Nvidia and VMware have forged a tight partnership when it comes to bringing AI to the enterprise, which stands to reason given the prevalence of VMware’s ESXi hypervisor and vSphere management tools across more than 300,000 companies worldwide. But there is another important server virtualization and container platform provider: Red Hat.
If you are a tech industry giant that wants to put a greater spotlight on what your technologies can do for enterprises that want to run AI workloads, you can do worse than make those statements at Nvidia’s bi-annual GPU Technology Conference. And that’s what Red Hat is doing this week, highlighting tighter integrations between its OpenShift Kubernetes platform and Nvidia’s AI Enterprise 2.0, software suite introduced last year as a way of making AI capabilities available to a wider range of enterprises, and introducing the latest release of OpenShift. Opening up AI and machine learning technologies to more companies and not just available to research labs, educational institutions and the largest organizations has been an ongoing effort of many in IT for the past few years.
Red Hat is among those vendors.
“There has been a lot of adoption, but when we talk about adoption, if you think about these early adopters, these are the innovators,” Tushar Katarki, director of product management for OpenShift Core Platform at Red Hat, tells The Next Platform. “The work now is trying to get the technology mainstream. People see the advantages of it. As we try to get to mainstream, one of the biggest challenges that any typical enterprise will face in regards to software. It has to scale, it has to be secure, it has to be compliant. Then they have to integrate it into existing processes. Then there is AI and machine learning itself, which is in some ways unique in that it requires a lot of compute. There are data scientists who want services that are easy to use.”

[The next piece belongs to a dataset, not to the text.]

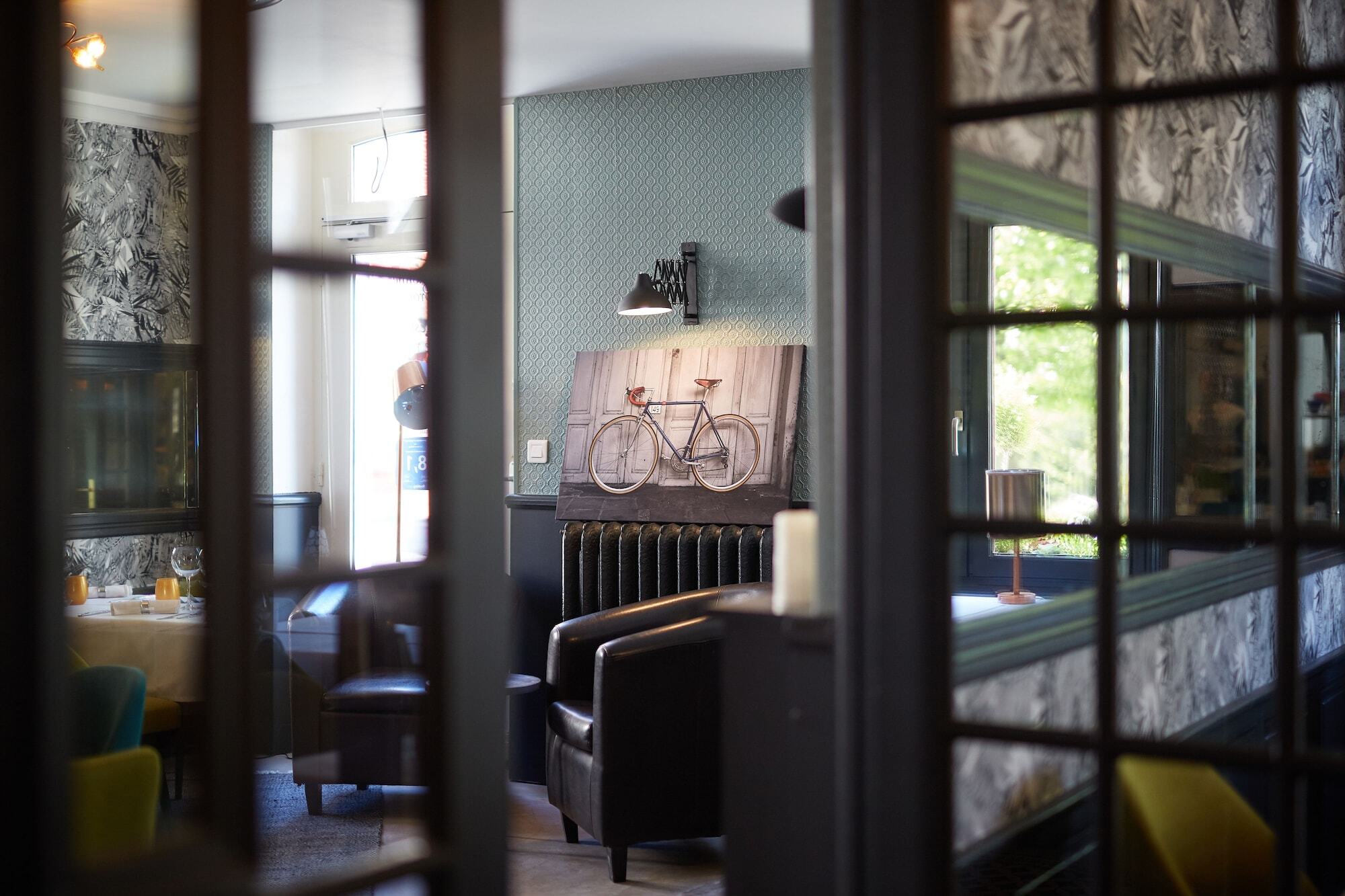 The Originals Boutique, Hotel La Colonne De Bronze, Saint-Valéry-sur-Somme Exterior foto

Red Hat points to Gartner numbers showing that worldwide AI software revenue this year will hit $62.5 billion, a 21.3 percent year-over-year increase and that enterprises increasingly want to integrate AI and machine learning capabilities into their cloud-native applications. OpenShift is the type of scalable and flexible platform that is needed to deploy these applications quickly, the company says.

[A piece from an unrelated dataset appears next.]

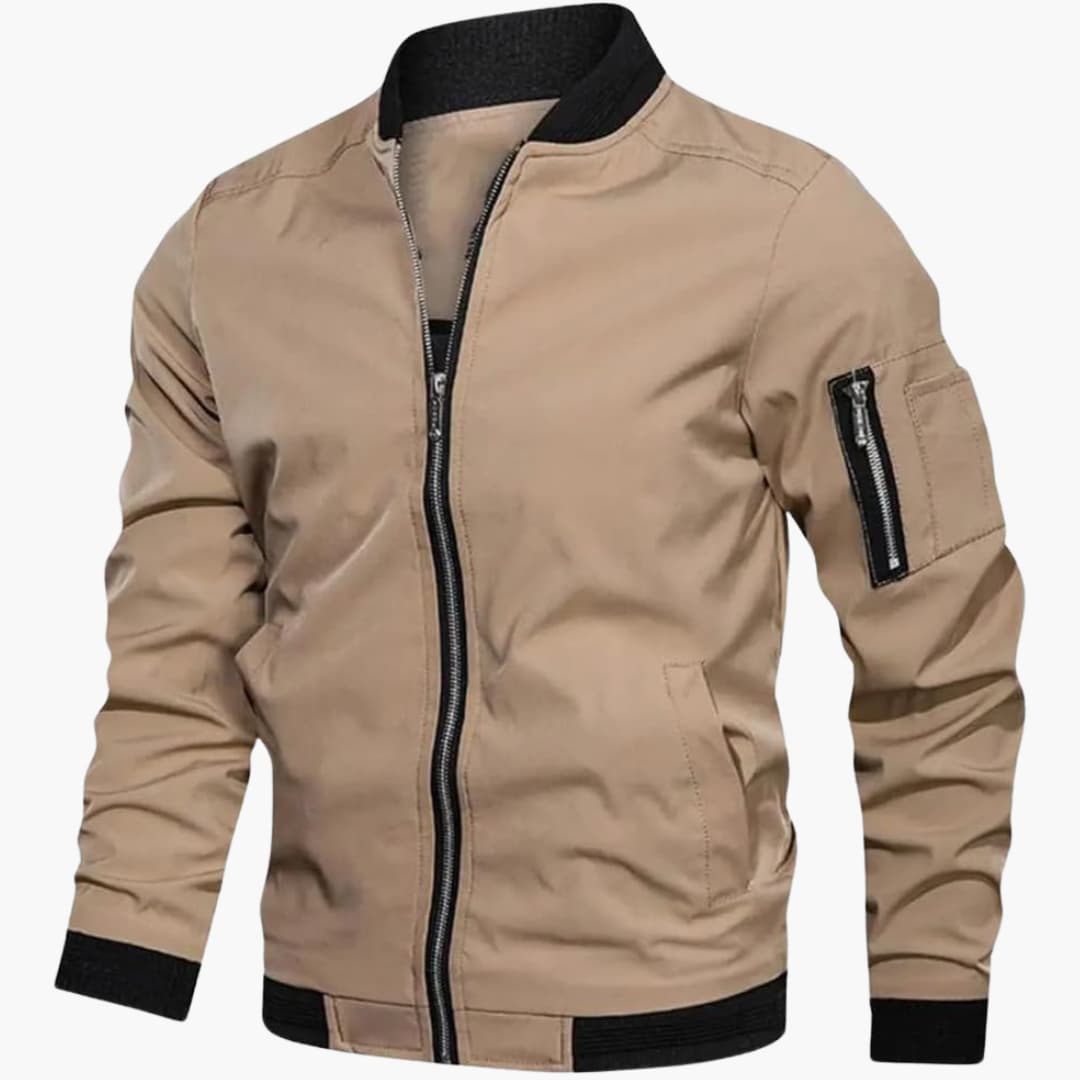 Gunnar™ | Lyxig Bombarjacka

More tightly combining OpenShift with the work that Nvidia has done over the years – not only with its GPUs but also through its CUDA software platform, RAPIDS software libraries, hardware offerings like the DGX A100 AI-optimized system and AI Enterprise 2.0 – enables this to scale. AI Enterprise already supports VMware’s Tanzu Kubernetes offering.
“Once you have trained your model, once you have played with your data, trained your model, your hyper-parameter tuning, what have you, now you want to express it,” Katarki says. “You want to make it available as a tool to the developers so that they can incorporate it into their applications. What is the cloud-native way to do it? It’s to basically make it a cloud-native application with the REST API. All of this runs on top of OpenShift with Nvidia Enterprise AI. … That is certified, that is tested and that is joint support for customers.”

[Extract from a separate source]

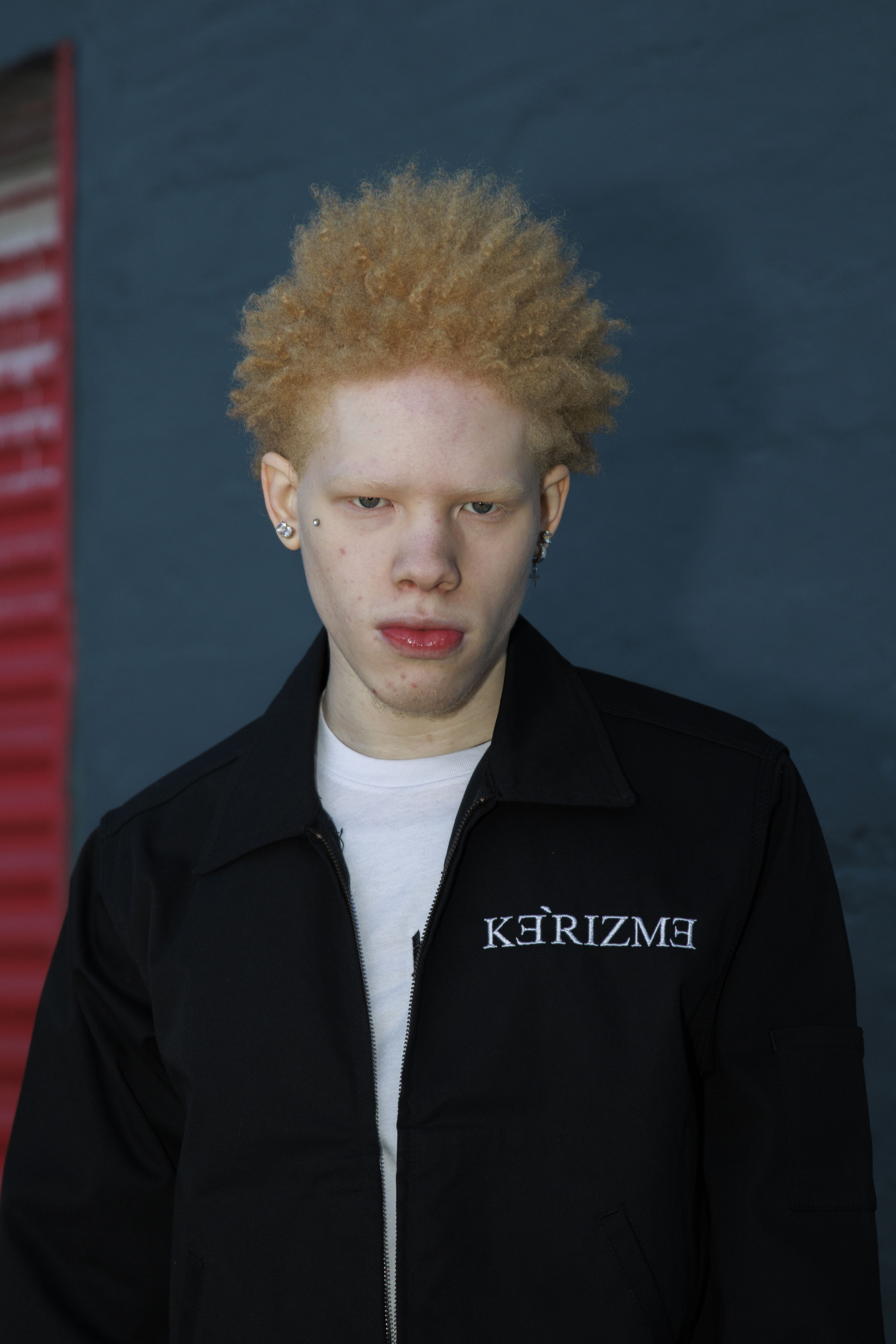 Black Kəˈrizmə Utility Jacket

OpenShift is certified and support with AI Enterprise 2.0, with the software suite being optimized for the Kubernetes platform. Having OpenShift now supported on the DGX A100 server enables organizations to consolidate its machine learning operations – data engineering, analytics, training, software development and inference – onto a single piece of hardware.
All of this adds to the work the two vendors already have done together, including enabling Nvidia GPUs to support Red Hat’s OpenShift Science cluster and the planned extension of the OpenShift Data Center Cloud Service to include Nvidia’s AI Enterprise.
“This allows the AI and machine learning to scale,” Katarki says. “OpenShift itself is a cloud platform, is a DevOps platform, is a container platform, depending on what abstraction level you at. You are managing the best of data science and the best of cloud, and DevOps and cloud-level development, and you’re bringing that to our customers.”
At the same time, Red Hat is putting more functionality into the latest release of OpenShift – version 4.10 – designed to make it easier to run AI and machine learning workloads, including in hybrid cloud environments. Those also include two additional steps with Nvidia. The first is making OpenShift available on Nvidia’s LaunchPad, a private AI infrastructure platform introduced last summer and expanded in November that gives organizations short-term access to Nvidia AI tools. It essentially offers Nvidia’s GPUs and AI Enterprise on OEM systems as a service. With OpenShift onboard, they now can leverage the Kubernetes platform.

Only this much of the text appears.